◆ SUPPLIED ENTRIES

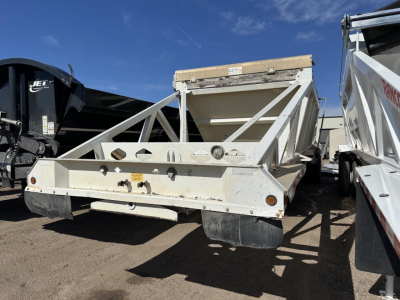 Dump trailer showing steel bottom and electric flip tarp support in a yard; front bumper, side rails, and rear drop area visible.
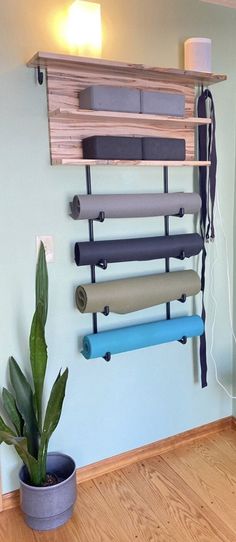 a wall mounted shelf with yoga mats and a potted plant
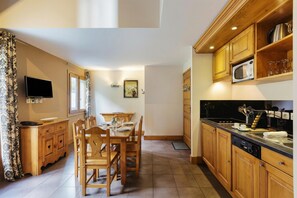 A kitchen with wooden cabinets, a dining table with chairs, a television, and a microwave.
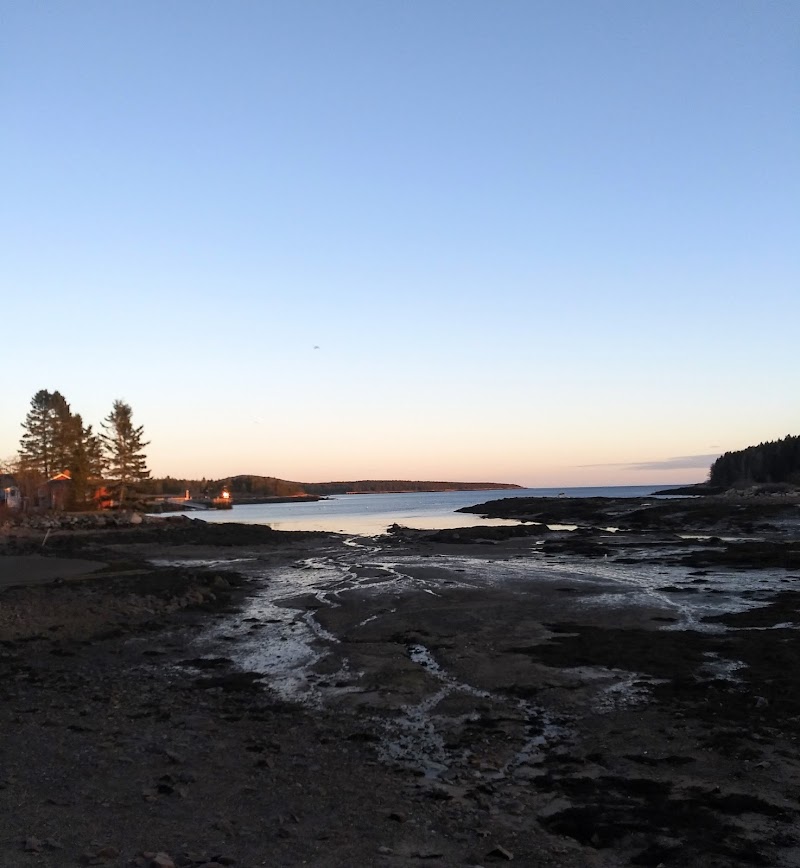Winter Harbor shoreline at Acadia National Park captures a tranquil Atlantic sunset along rocky shores.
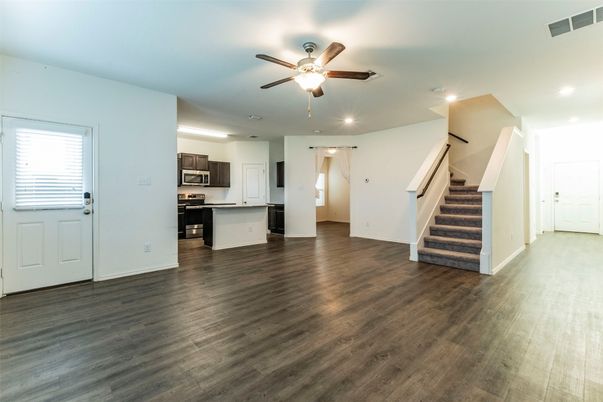 Empty room, Interior, Kitchen, Recessed Lighting, Stainless Steel Appliances, Wood Texture Flooring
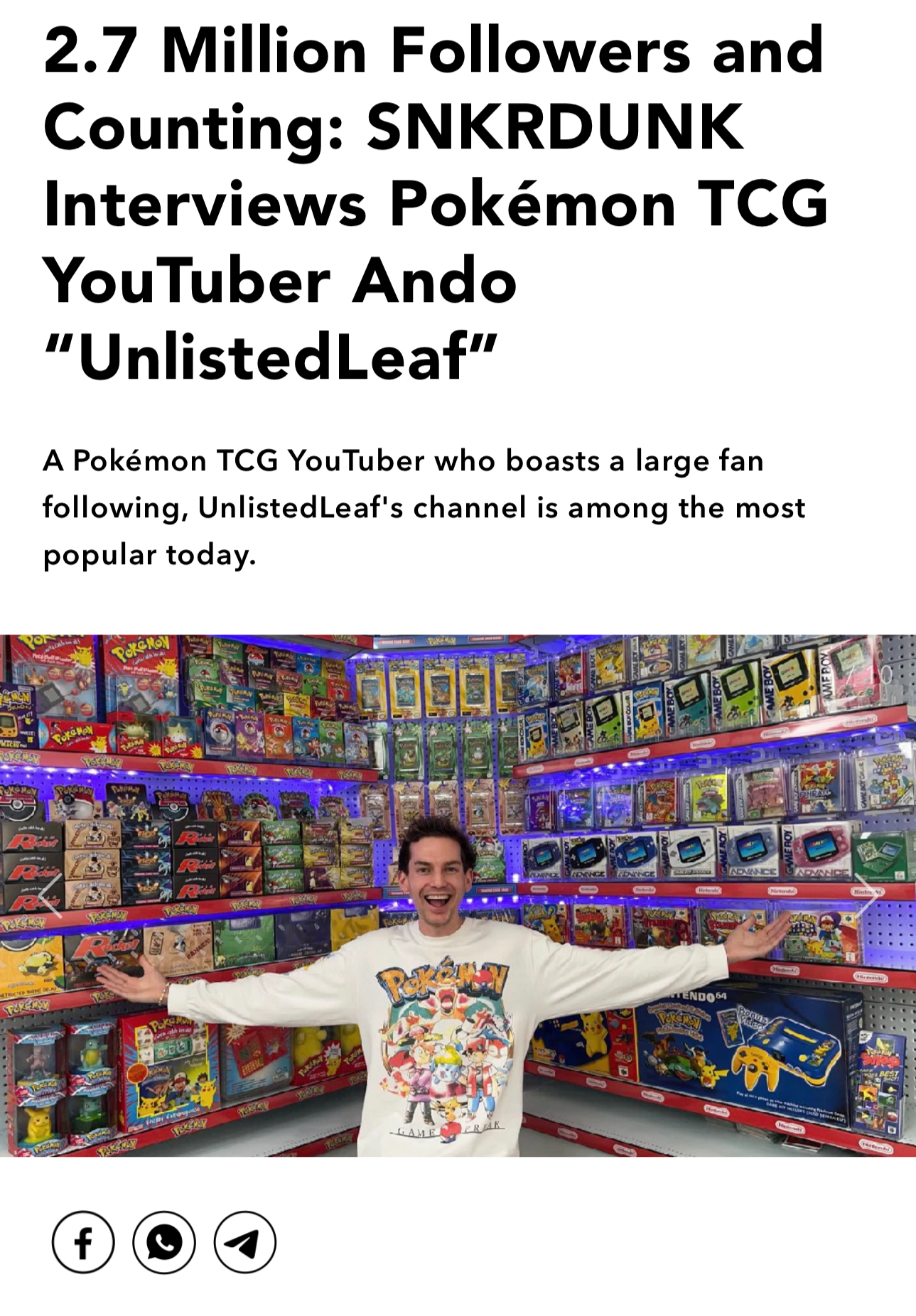 A young man wearing a white Pokémon-themed sweatshirt stands with arms outstretched in a store aisle filled with Pokémon toys and merchandise, smiling at the camera.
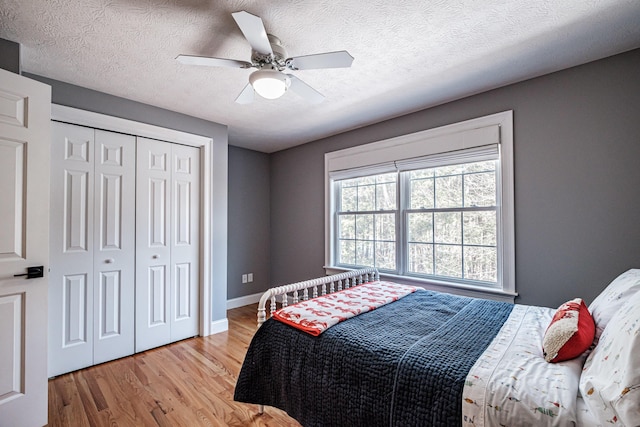 bedroom featuring a ceiling fan, a textured ceiling, a closet, light wood-style floors, and baseboards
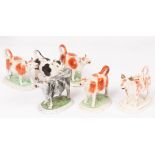 A collection of six Staffordshire cow creamers,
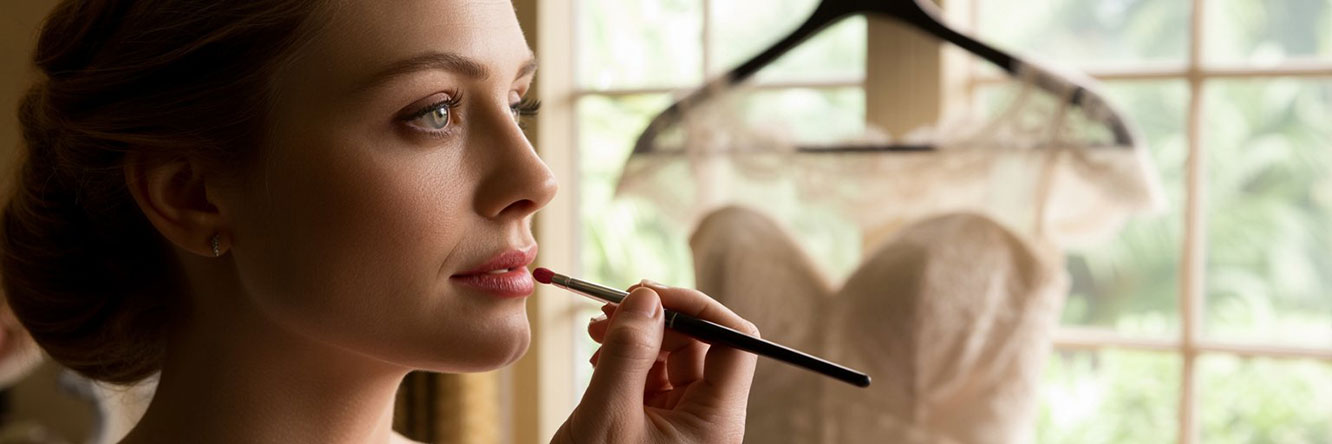 Intieme close-up van een visagist die de make-up van een serene bruid aanbrengt, een belangrijk onderdeel van de voorbereiding op de grote dag.
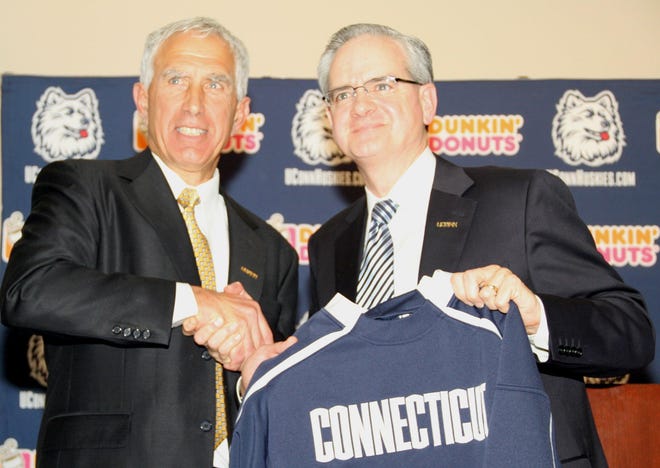 Dieu To/Norwich Bulletin
Paul Pasqualoni, left, UConn's new football coach, is expected to diversify the Huskies' offense among other changes next season.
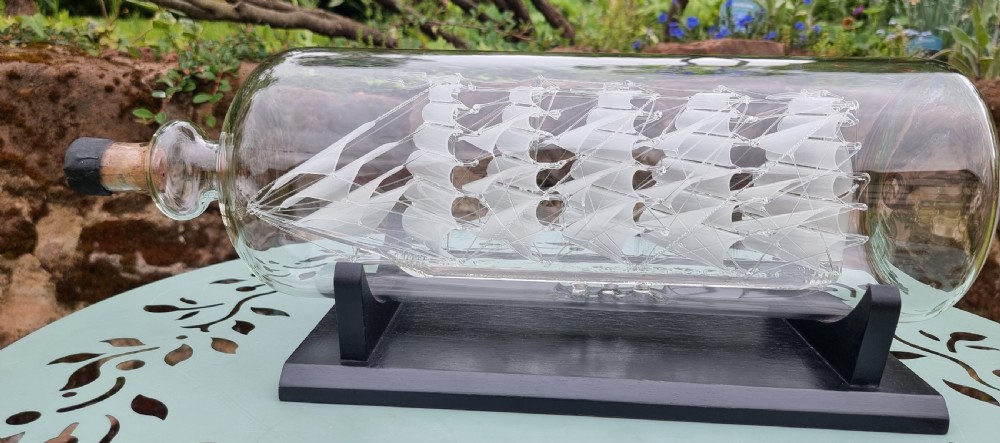 An exceptionally large hand blown glass model ship in a bottle. View IV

◆ WHAT TO PRODUCE
Quote, please, every line of the material above from its start through the line that has "A kitchen with", reproducing the words exactly and dropping any images.

◆ RESPONSE BELOW
 Dump trailer showing steel bottom and electric flip tarp support in a yard; front bumper, side rails, and rear drop area visible.
 a wall mounted shelf with yoga mats and a potted plant
 A kitchen with wooden cabinets, a dining table with chairs, a television, and a microwave.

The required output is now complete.